START The input

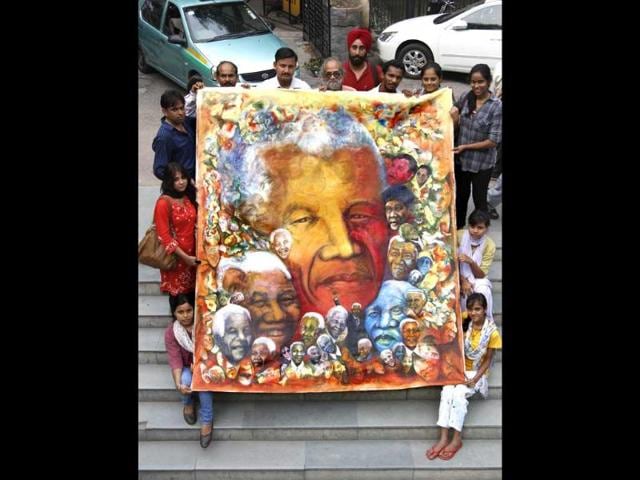 Artists of health education & environment awareness society pose with the painting of former South African president Nelson Mandela in New Delhi on his birthday. HT Photo/Virendra Singh Gosain
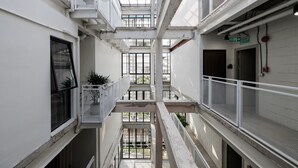 Un atrium à plusieurs niveaux, doté d’un espace central ouvert, de rampes et d’un escalier.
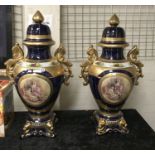 PAIR OF CLASSICAL URNS WITH LIDS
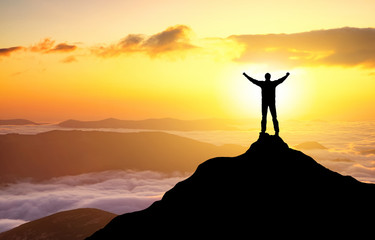Wall Mural - silhouette of a champion on mountain top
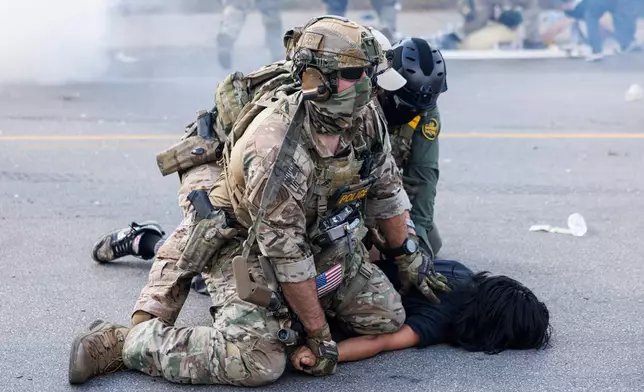 Federal officers hold down a protester in the Brighton Park neighborhood of Chicago, on Saturday, Oct. 4, 2025, after protesters learned that U.S. Border Patrol shot a woman Saturday morning on Chicago's Southwest Side. (Anthony Vazquez/Chicago Sun-Times via AP)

END The input

Output exactly the lines from the one that has "Un atrium à" through the end of the data. Do not include pictures.

 Un atrium à plusieurs niveaux, doté d’un espace central ouvert, de rampes et d’un escalier.
 PAIR OF CLASSICAL URNS WITH LIDS
Wall Mural - silhouette of a champion on mountain top
 Federal officers hold down a protester in the Brighton Park neighborhood of Chicago, on Saturday, Oct. 4, 2025, after protesters learned that U.S. Border Patrol shot a woman Saturday morning on Chicago's Southwest Side. (Anthony Vazquez/Chicago Sun-Times via AP)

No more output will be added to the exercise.